Operating with a drive-thru and walk-up model, the chain saw systemwide sales grow 20 percent year-over-year in 2020. 

Image credits:Southern Classic Chicken

Layne’s Chicken Fingers

The brand has been around since 1994, primarily as a mom-and-pop company based in College Station, Texas, near the campus of Texas A&M. Four years ago, Garrett Reed and his business partner purchased the the small chain with the specific purpose of evaluating the existing infrastructure and policies and transforming the mom and pop into something that could be repeatable. 

In the four years since then, Layne’s expanded to eight stores and refined its operating model—propping up all the things it did right and pivoting away from all the things it did wrong.
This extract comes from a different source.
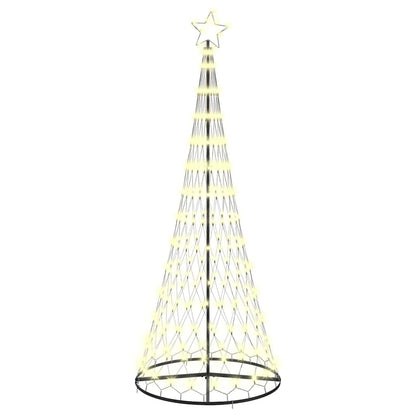 Led Kerstboom Met 295 Led Met Standaard 250 Cm Metaal 100 x 100 x 250 cm Warmwit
During that process, the chain hired COO Samir Wattar to oversee the nuts and bolts of franchising such as purchasing, distribution, and supply chain. Once the foundation was set up completely, Layne’s began a full-blown franchising effort six months ago, with a primary focus on expanding throughout Texas. 

The initial goal was to finish 2021 with eight restaurants, but now the projection is 11. In 2022, Layne’s hopes to open 15 to 18 stores and then 25 locations each year after that. The long-term goal is to reach 100 restaurants by 2025.